A Randomized, Open-Label, Multiple-Dose, Parallel-Arm, Pivotal Study to Evaluate the Safety, Tolerability, and Pharmacokinetics of Aripiprazole 2-Month Long-Acting Injectable in Adults With Schizophrenia or Bipolar I Disorder

2.1 Trial Design and Population

This was an open-label, multiple-dose, randomized, parallel-arm, multicenter trial in adults with schizophrenia or BP-I (ClinicalTrials.gov identifier: NCT04030143). The study started on 1 August 2019 and was completed on 8 July 2020. Participants were enrolled into the study at 16 clinical trial sites in the United States (US).

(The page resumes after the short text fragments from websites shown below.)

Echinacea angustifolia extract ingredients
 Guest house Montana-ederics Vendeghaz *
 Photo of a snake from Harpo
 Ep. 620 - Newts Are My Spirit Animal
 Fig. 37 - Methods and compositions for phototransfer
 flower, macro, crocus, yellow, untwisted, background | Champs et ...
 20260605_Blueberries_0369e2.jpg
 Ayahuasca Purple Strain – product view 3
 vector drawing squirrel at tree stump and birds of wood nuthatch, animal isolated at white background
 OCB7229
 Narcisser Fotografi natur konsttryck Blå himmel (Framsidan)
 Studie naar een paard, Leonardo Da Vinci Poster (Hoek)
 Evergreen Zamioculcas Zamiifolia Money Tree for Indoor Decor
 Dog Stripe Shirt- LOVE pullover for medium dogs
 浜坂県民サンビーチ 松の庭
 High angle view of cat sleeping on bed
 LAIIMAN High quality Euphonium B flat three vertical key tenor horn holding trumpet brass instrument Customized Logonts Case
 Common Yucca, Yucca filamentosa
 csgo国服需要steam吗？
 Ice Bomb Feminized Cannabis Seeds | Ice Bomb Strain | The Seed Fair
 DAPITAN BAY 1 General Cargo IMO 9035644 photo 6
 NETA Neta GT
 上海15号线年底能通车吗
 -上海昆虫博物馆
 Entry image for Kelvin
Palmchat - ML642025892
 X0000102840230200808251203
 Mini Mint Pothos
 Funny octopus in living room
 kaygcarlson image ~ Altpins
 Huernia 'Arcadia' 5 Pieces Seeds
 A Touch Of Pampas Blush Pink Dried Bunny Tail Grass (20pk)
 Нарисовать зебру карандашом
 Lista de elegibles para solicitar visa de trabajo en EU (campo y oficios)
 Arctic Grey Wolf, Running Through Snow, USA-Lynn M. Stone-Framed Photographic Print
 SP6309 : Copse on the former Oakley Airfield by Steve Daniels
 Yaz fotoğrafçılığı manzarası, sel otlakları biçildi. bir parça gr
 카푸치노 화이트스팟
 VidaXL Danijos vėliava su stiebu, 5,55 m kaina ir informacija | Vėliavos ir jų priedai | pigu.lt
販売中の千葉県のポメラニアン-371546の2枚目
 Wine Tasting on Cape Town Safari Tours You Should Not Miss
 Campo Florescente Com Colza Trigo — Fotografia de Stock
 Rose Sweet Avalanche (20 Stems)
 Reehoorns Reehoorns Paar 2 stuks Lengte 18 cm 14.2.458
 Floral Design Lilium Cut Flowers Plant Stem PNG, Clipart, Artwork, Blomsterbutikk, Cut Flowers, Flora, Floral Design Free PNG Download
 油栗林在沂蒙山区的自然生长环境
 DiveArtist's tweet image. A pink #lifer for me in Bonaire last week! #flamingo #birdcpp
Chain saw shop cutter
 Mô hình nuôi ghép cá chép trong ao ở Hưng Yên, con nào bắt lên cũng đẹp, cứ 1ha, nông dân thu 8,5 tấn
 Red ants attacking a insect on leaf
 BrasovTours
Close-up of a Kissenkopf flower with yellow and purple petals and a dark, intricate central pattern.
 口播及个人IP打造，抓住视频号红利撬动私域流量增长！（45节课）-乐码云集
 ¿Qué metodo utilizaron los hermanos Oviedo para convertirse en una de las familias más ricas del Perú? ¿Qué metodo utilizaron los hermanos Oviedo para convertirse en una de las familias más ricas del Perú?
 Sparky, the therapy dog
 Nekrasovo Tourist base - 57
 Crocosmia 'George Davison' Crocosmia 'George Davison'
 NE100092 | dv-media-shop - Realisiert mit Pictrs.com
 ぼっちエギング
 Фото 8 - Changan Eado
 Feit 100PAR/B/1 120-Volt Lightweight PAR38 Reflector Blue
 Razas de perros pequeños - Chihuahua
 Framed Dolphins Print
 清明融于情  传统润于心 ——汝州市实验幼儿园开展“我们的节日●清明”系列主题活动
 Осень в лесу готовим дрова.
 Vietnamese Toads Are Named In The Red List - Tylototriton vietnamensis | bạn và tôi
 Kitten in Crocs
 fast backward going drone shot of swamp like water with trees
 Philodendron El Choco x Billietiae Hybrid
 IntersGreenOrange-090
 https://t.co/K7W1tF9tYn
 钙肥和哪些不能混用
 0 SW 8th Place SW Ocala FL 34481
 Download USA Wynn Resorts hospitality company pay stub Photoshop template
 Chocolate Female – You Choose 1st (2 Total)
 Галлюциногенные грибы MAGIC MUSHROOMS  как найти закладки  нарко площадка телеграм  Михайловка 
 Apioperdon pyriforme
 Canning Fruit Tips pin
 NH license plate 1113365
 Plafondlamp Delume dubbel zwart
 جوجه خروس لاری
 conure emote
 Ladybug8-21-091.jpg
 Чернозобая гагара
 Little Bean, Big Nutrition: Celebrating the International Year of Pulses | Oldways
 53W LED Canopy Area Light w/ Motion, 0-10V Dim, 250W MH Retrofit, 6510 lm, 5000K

Key inclusion criteria were: age 18–64 years, current diagnosis of schizophrenia or BP-I (as defined by Diagnostic and Statistical Manual of Mental Disorders, 5th edition [DSM-5] criteria) [1], body mass index of 18–35 kg/m2, good physical health, clinical stability on an atypical antipsychotic medication (except for clozapine, which was not allowed) for ≥2 months prior to screening (participants with BP-I were also allowed to continue concomitant mood stabilizer and antidepressant treatment), and prior history of tolerating oral aripiprazole and/or AOM 400 (according to the investigator’s judgment). Participants without a history of tolerating aripiprazole received three single oral aripiprazole doses of 10 mg on 3 consecutive days (30 mg in total, in addition to their current oral antipsychotic) during the screening period to establish tolerability.

Key exclusion criteria were substance use disorder (as defined by DSM-5 criteria) [1] within the past 180 days or a positive test for drugs of abuse (excluding nicotine, alcohol, and marijuana if sufficient rationale was provided, which must have included rationale/indication for use, review of patterns and frequency of use, and justification to support compliance with the protocol for the intended duration of treatment); use of any cytochrome P450 (CYP) 2D6 and CYP3A4 inhibitors or CYP3A4 inducers within 14 days (fluoxetine or fluoxetine/olanzapine within 28 days) prior to dosing, for the duration of the trial, and 30 days after the last study drug dose; current acute relapse of schizophrenia; current DSM-5 diagnosis other than schizophrenia or BP-I [1]; a significant risk of committing suicide (based on history, routine psychiatric status examination, investigator’s judgment, or a ‘yes’ answer to questions 4 or 5 [current or over the last 6 months] on the baseline Columbia Suicide Severity Rating Scale [C-SSRS] questionnaire); treatment resistance to an atypical antipsychotic medication; and history of neuroleptic malignant syndrome or clinically significant tardive dyskinesia (as assessed by the investigator).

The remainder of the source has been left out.